Decreasing costs and rapid technological innovation have resulted in a tremendous increase in the volume of biological data being generated. At the same time, life sciences research is becoming increasingly collaborative and complex. Amazon Web Services (AWS) provides a complete set of easy to use, flexible tools to help your lab address these problems, including solutions for high performance computing, data sharing between sites, archiving, and storage.
"We completed the equivalent of 39 years of computational chemistry in just under 9 hours."
Steve Litster, Ph.D., Global Head of Scientific Computing, Novartis
“The AWS Cloud enables swift collaboration even with hundreds of terabytes of data."
Dr. Narayanan Veeraraghavan, Lead Programmer Scientist at Human Genome Sequencing Center, Baylor College of Medicine
“Our customers need access to irregular but intense computational capacity. For some projects, they may need to scale to 100 servers for a few days, but once analysis is done, they scale back down to virtually none."
Sebastian Wernicke, Head of Business Development, Seven Bridges Genomics
AWS provides all of the basic building blocks necessary to create your own cloud supercomputer. You can create an account and launch your first machine in minutes. You won't need specialized computer hardware or, more importantly, extensive facilities to host servers.
Web File Storage – Amazon Simple Storage Service (S3) acts like a virtual drive that is practically unlimited in size. Each file you store can be as large as 5 TB and you can share them with anyone of your choosing who has access to the web.
Virtual Hard Drive – Amazon Elastic Block Store (EBS) acts like a hard drive for for fast input/output and boot volumes that is attached to your virtual computer providing up to 48,000 IOPS (input/output operations per second) per virtual machine.
Archiving – Amazon Glacier is designed for archiving your data with a durability of 99.999999999%, meaning your data will be there when you need it. Your data can be stored for as little as $0.01 per GB per month.

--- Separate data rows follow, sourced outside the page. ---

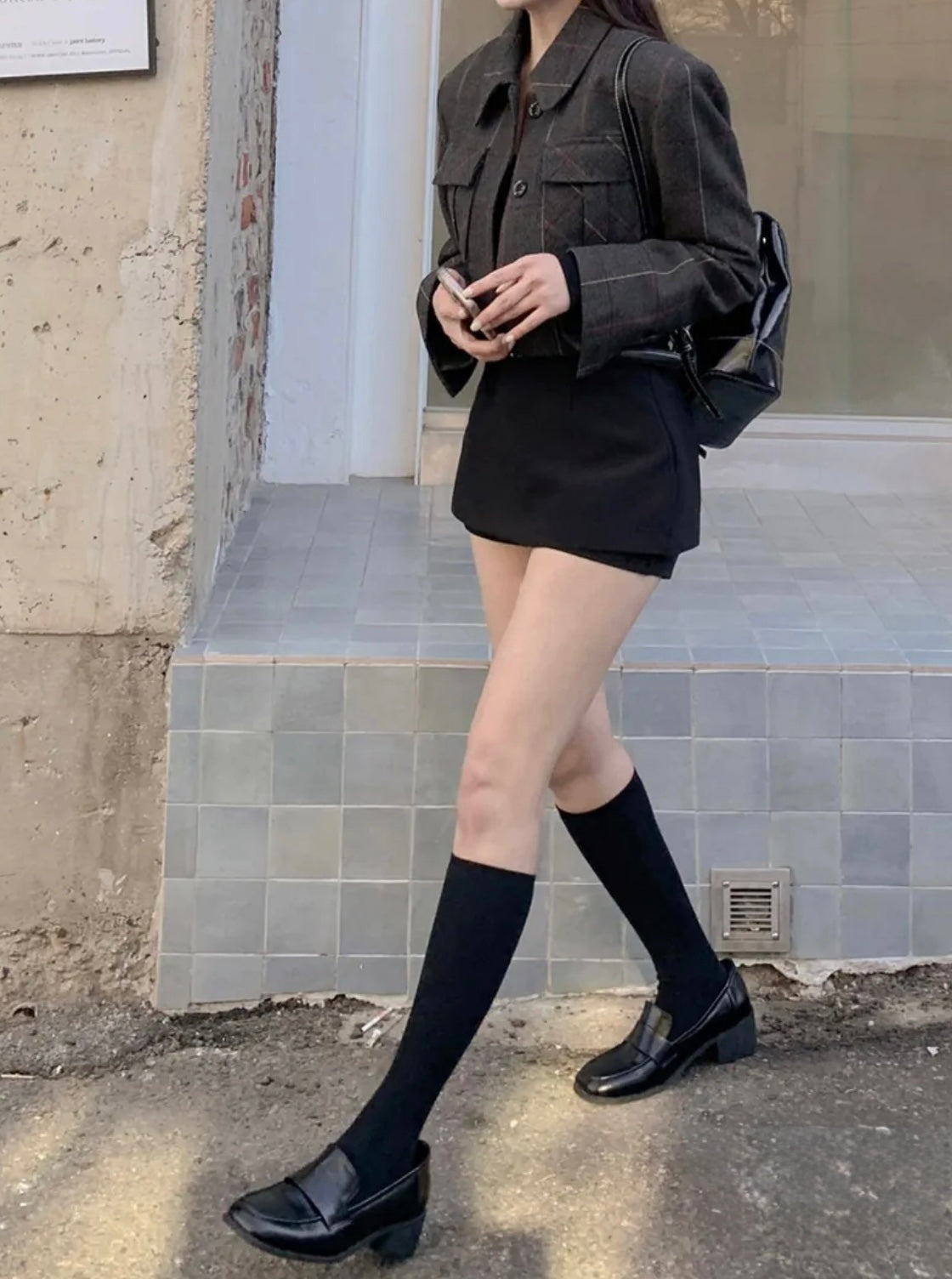 White/black skirt pants(3 colors)
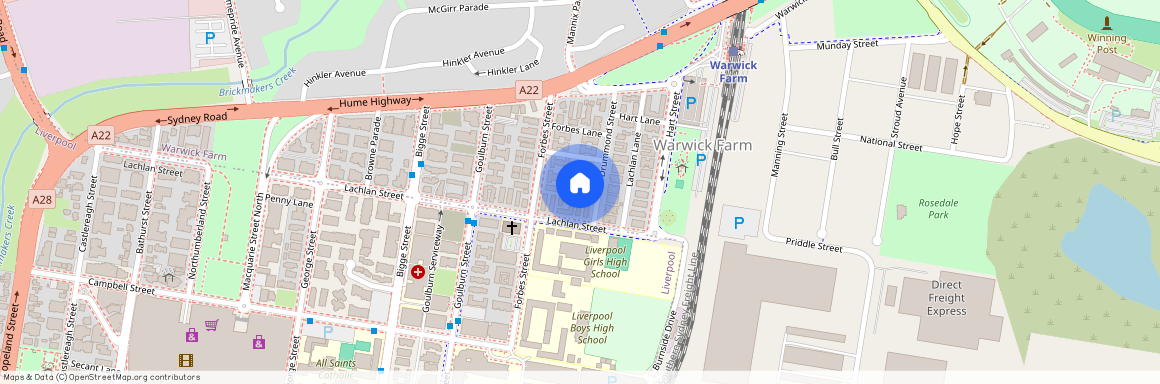 5/15 Drummond Street, NSW 2170, Warwick Farm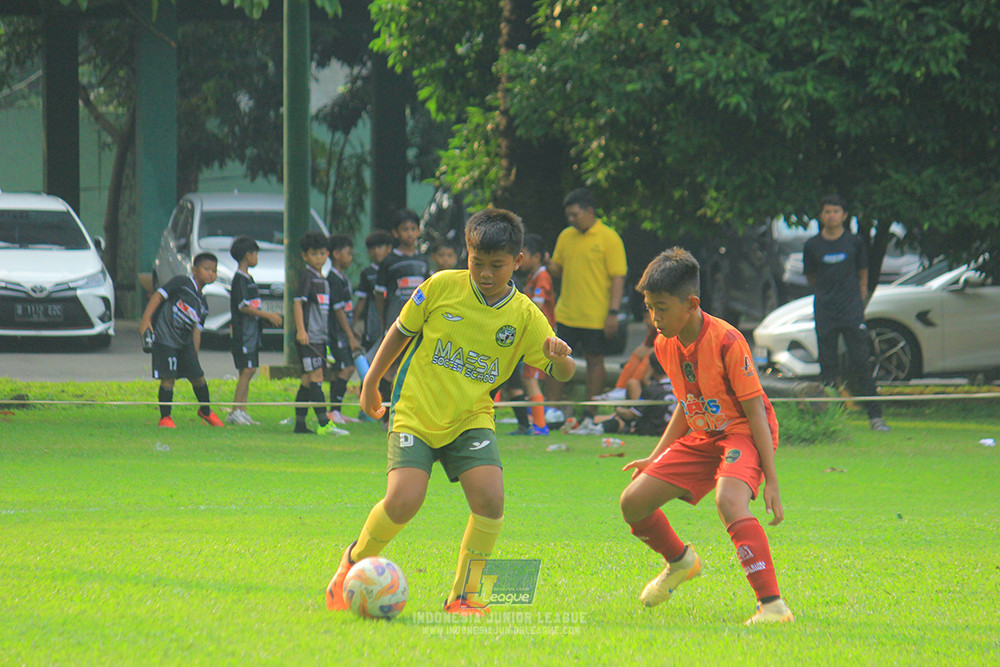 ijl u11 100526 karawang youth soccer vs maesa pararaider army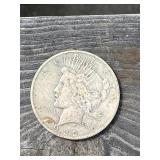 1922 Peace Silver Dollar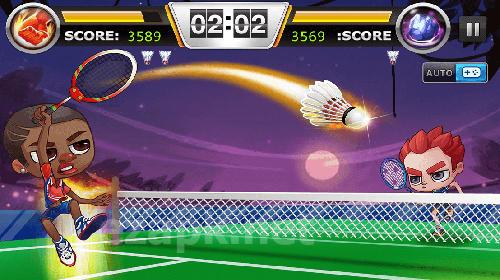 Badminton legend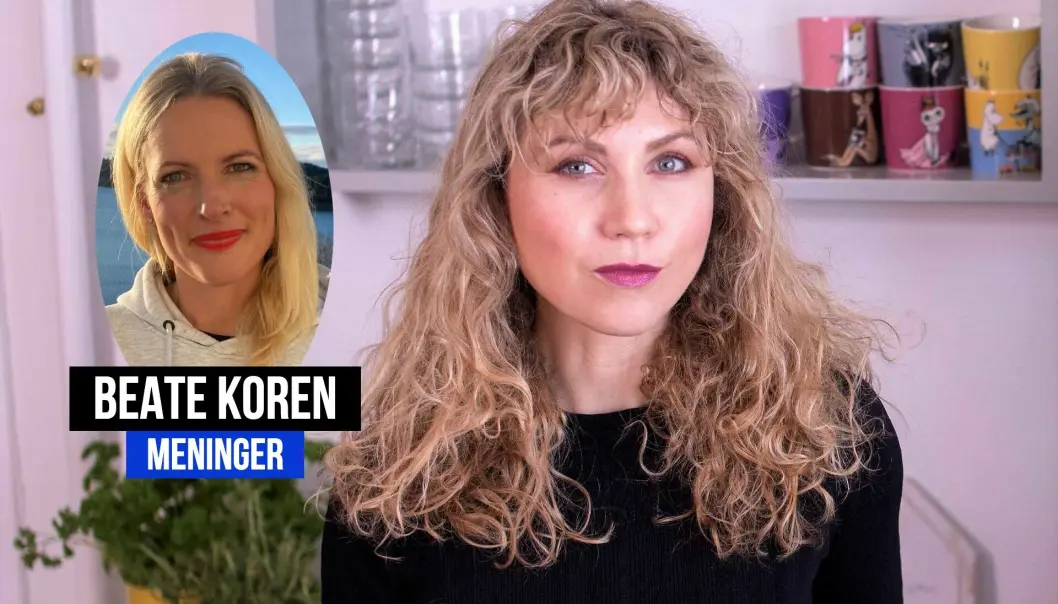Beate Koren både takker for og er uenig i deler av kritikken fra Kjersti Skar Staarvik. Beate Koren både takker for og er uenig i deler av kritikken fra Kjersti Skar Staarvik.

Amazon Elastic Cloud Compute (EC2) acts like a virtual server that you provision and control. EC2 is located in the cloud, so you don't need infrastructure and can obtain access to new servers in minutes, rather than days, weeks, or months. EC2 servers can be turned on and off almost instantly. You can start up one, or even thousands, of servers simultaneously, run your experiment, turn them off, and only pay for the time your servers were running.
The AWS environment is designed to give customers the ability to follow a broad range of international security and data protection standards. If your lab uses protected health information as part of its research program (as defined under the U.S. Health Insurance Portability and Accountability Act (HIPAA)), AWS can sign Business Associate Agreements (BAAs) and provide the technical infrastructure to ensure you have the ability to meet your statutory privacy requirements.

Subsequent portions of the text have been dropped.